In this course we are going to follow closely SGA1 and SGA4 to develop an abstract framwork of fundamental groups and cohomology theory. To do this we first need a generalization of a topological space, and this would be the Grothendieck topology. The notion of sheaves on a topological space would be generalized to the notion of topos. The sheaf cohomology will be replaced by the derived category of a ringed topos. This general framwork serves like a machine: whenever one puts in a concrete Grothendieck topology one gets the corresponding cohomology theory out, and after some further work one may also get the corresponding fundamental group. In this course we are going to put in the étale topology in, and study the output, namely the étale cohomology and the étale fundamental group, which are also the most important output of this machine.
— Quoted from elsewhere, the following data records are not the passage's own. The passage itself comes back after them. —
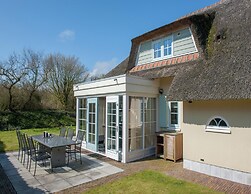 Restyled Thatched Villa Near the Sea in Cosy Domburg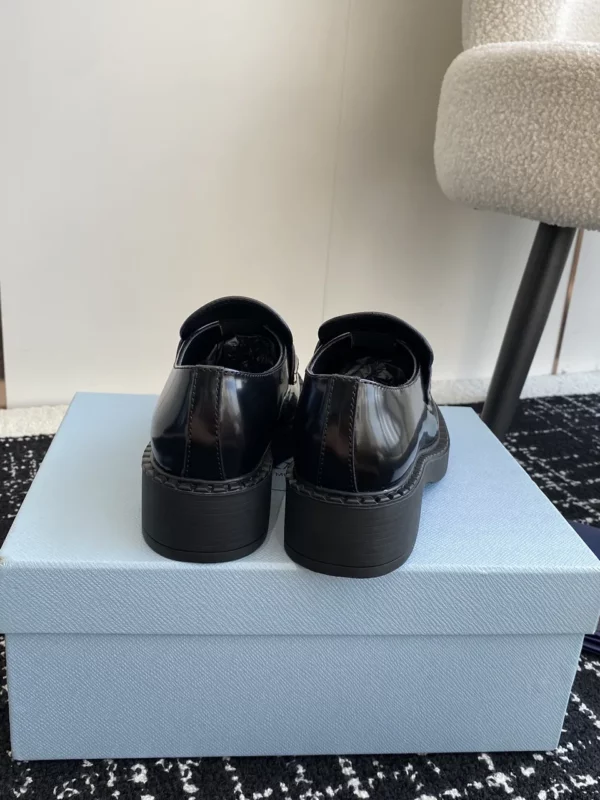 Prada shoes - Replica shoes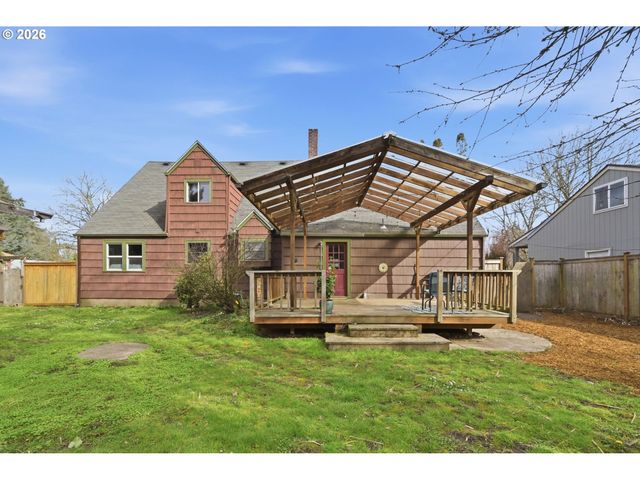 1314 DALTON Dr, Eugene, OR 97404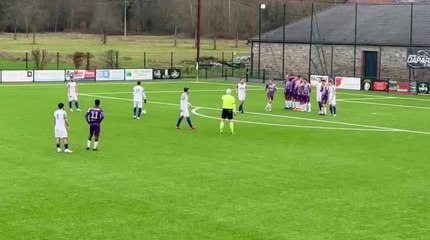 Le premier goal du match, un CSC de A.Sohy (Gedinne) sur le centre de Motte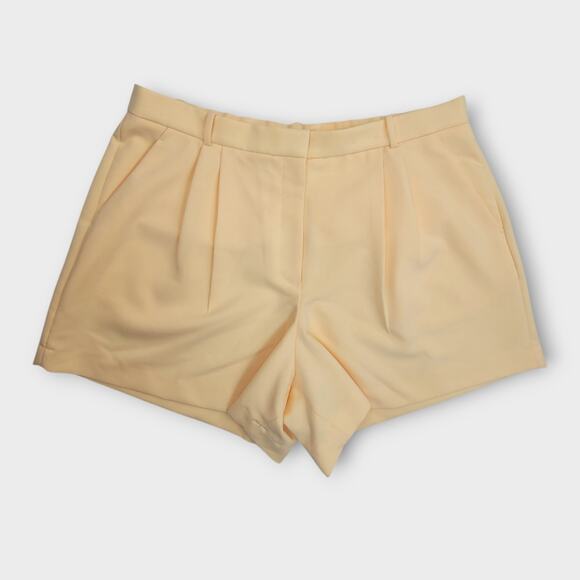 Abercrombie & Fitch Curve Love Tailored Shorts Size 18 Yellow 5" Inseam - Picture 1 of 10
The prerequests for this course is a first course in algebraic geometry. A certain familiarity with the language of schemes and commutative algebra is prefered. But these will not be used to develop the general machine of cohomology theory and fundamental groups.
Every Tursday there will be a new exercise sheet. You can try to solve them, and if you have any questions please contact me at email@example.com.
Place (course): SR 130/A3 (Arnimallee 3)
Place (exercise): SR 130/A3 (Arnimallee 3)
Date: Wednesday 10:00-12:00 (course) and 14:00-16:00 (exercise)
First Appointment: 19.10.2016
Course Language: English